Runbook: GPU fault, drain, reset, RMA¶

Scope: drain, reset, and (if needed) RMA a faulted GPU after an XID/ECC alert, returning the node to service safely.

Run this when a GPU throws a fatal XID, fails a row-remap, or fails dcgmi diag. Severity: single-node fault, capacity-impacting; the question is whether the GPU recovers on reset or must be RMA'd. App-class XIDs are a workload bug, not a node fault; do not RMA on those.

Reference templates on real APIs; pin versions and validate before production use.

This is the longform GPU-fault path for the fleet. The XID taxonomy and RAS background are in reliability and RAS; the driver / Fabric-Manager / DCGM stack is in the GPU software stack; the general triage tree is in the troubleshooting runbook.

Trigger¶

A fatal hardware XID in dmesg / DCGM: XID 48 (double-bit ECC), XID 79 (GPU fallen off the bus), XID 92 (high single-bit ECC rate), XID 94/95 (contained / uncontained memory error), XID 64 (row-remap failure), per the XID catalog in References and reliability and RAS.
A dcgmi diag failure (any Fail in PCIe/NVLink, memory bandwidth, or stress at level 3).
A pending or failed row-remapping reported by nvidia-smi -q -d ROW_REMAPPER.
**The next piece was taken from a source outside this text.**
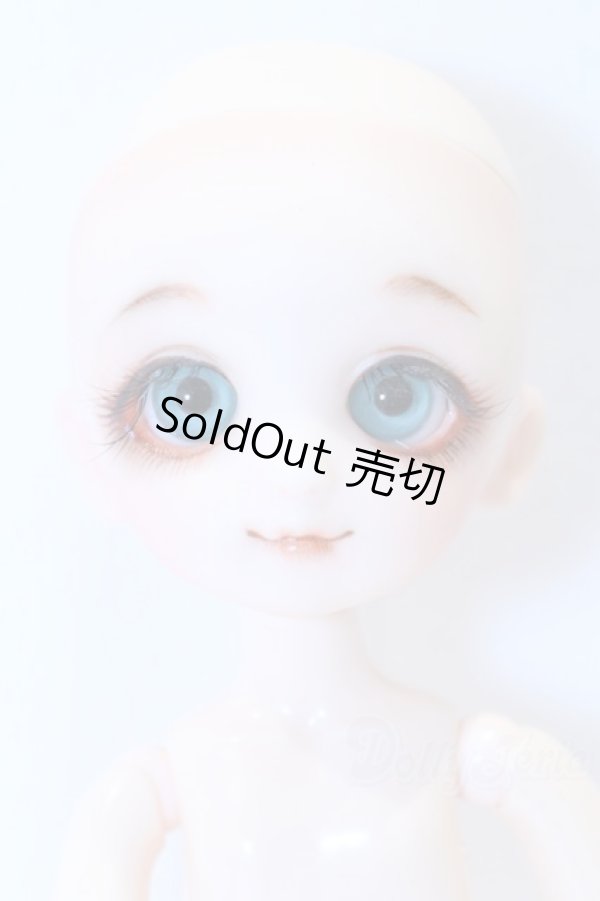 画像1: ミニスウィーツドール/DC11-07ヘッド(ビオラ) カスタム＋ボディ S-26-01-11-067-SK-ZS (1)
App-class XIDs, namely 13 (graphics engine exception), 31 (memory page fault), and 43 (GPU stopped processing), are owned by the workload (run compute-sanitizer/cuda-gdb); the GPU stays healthy. Do not enter this runbook for those.

Pre-checks¶

Confirm the XID class first (app vs hardware) before touching the node: misclassifying an app bug as a hardware fault wastes an RMA slot (reliability and RAS).
Record GPU identity: board serial, GPU UUID, PCI bus id, node name. These travel with the RMA.
```
ssh "$NODE" nvidia-smi --query-gpu=index,uuid,serial,pci.bus_id --format=csv
```
Capture the evidence before any reset clears it: dmesg -T | grep -i xid, the DCGM event log, and the full dcgmi diag JSON. A reset wipes volatile ECC counters.
Check whether the GPU is NVSwitch-attached (HGX baseboard, NVL72): a single dead GPU can hold the NVLink domain, so coordinate with the Fabric Manager state (the GPU software stack, reliability and RAS).

Flow¶

stateDiagram-v2
    [*] --> Triage
    Triage --> Healthy: app XID 13/31/43
    Triage --> Drain: hardware XID
    Drain --> Inspect: workloads evicted
    Inspect --> Reset: serials recorded
    Reset --> Diag: nvidia-smi -r
    Diag --> Healthy: diag pass, ECC stable
    Diag --> RMA: diag fail or remap fail
    Healthy --> [*]
    RMA --> [*]

Procedure¶

NODE=gpu-19.dc1.internal
GPU=3                              # GPU index reporting the fault

Classify the XID. Application class 13 / 31 / 43 → return to the workload owner, GPU stays healthy. Hardware class 48 / 79 / 92 / 94 / 95 / 64 → continue:
```
ssh "$NODE" 'dmesg -T | grep -i "NVRM: Xid"'
```

Cordon and drain so the scheduler stops placing work and running pods leave cleanly:

kubectl cordon "$NODE"
kubectl drain "$NODE" --ignore-daemonsets --delete-emptydir-data --timeout=15m
# Slurm: scontrol update nodename="$NODE" state=drain reason="XID hardware fault"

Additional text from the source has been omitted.